Birds became my portal back into loving the world again, at a moment in my life where I felt nothing but bleakness. It was like those fairy tales where the little bird shows up as a messenger or guide, pointing the heroine to the journey she must take toward new life.

In the year since, I’ve looked and learned, read and studied, wondered and asked questions. I’ve had good bird days and no-bird days, walks in the woods seeing absolutely nothing and moments of sheer bliss raising my binoculars to something new and utterly amazing. My first Steller’s jay on a trip home to California. My first glossy ibises in Connecticut. My first common yellowthroat last spring. Each one a little explosion in the heart, like seeing your beloved come into view after a long absence.

Common Yellowthroat

I am in awe at the aliveness of birds. And so grateful.

A prayer for commuters

Emmy Lou Packard, “California Morning,” ca.1950s

I step out into the dawn air to hear the morning music of the birds, the cardinals, the robins, the wrens. But it’s muffled by the steady hum from the nearby freeway. Streams of commuters are bearing down on their day, speeding toward their many responsibilities. I say a prayer for them before going inside.

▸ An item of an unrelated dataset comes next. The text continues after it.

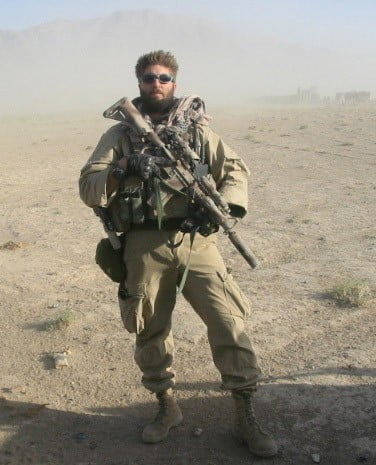 U.S. Navy SEAL Jason Redman in combat gear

Imagine beginning your day by singing just for the joy of it, just because your little slice of earth has turned back toward the sun. Imagine beginning the day with gladness first, before you remember all the things you are dreading, before you make the coffee, before you look at the news.

Morning has broken
Like the first morning,
Blackbird has spoken
Like the first bird.
Praise for the singing!
Praise for the morning!
Praise for them, springing
Fresh from the Word!

—Eleanor Farjeon (1881–1965)

Office park nature

Look at them all.

A long stretch of chilly days, typical New England early spring. I’ve been spending way too much time on the couch lately, so this afternoon I finally made myself take a walk, even though there just hasn’t been much to see out there, bird-wise. I’m restless for migration season to start. But I put on my coat, grabbed my binoculars, stepped out the door—and heard a red-tailed hawk scream. Yes, there it was, circling the roofs of our apartment complex. A male announcing his territory to any and all competitors, wheeling and gliding on the wind.

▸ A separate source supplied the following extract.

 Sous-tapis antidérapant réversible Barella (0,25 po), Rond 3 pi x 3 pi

But that was just the prelude. Walking through the nearby office park a few minutes later, I raised my binoculars to a bird on a branch, expecting a house sparrow or a jay, and found myself gazing directly at a cedar waxwing. And another! And—I turned and saw a whole flock of them in the trees over my head. A good 20 at least, glowing yellow and peach in the late afternoon light. I knew they liked to flock, but I’d never come across more than one or two at a time before. It was like seeing a vision.

A little further along, guys in hardhats getting off work for the day, pausing to chat for a moment at their cars. Awash in bird endorphins, I wanted to take them by the hand and say, “Come with me, I have something to show you! Something glorious, a bona-fide office park miracle; come and look!” But we can’t say things like that to each other, we can’t just bare our hearts to strangers (why can’t we, though?), and besides I doubt it would have meant much to them. (You never know, though: Bird people are everywhere.)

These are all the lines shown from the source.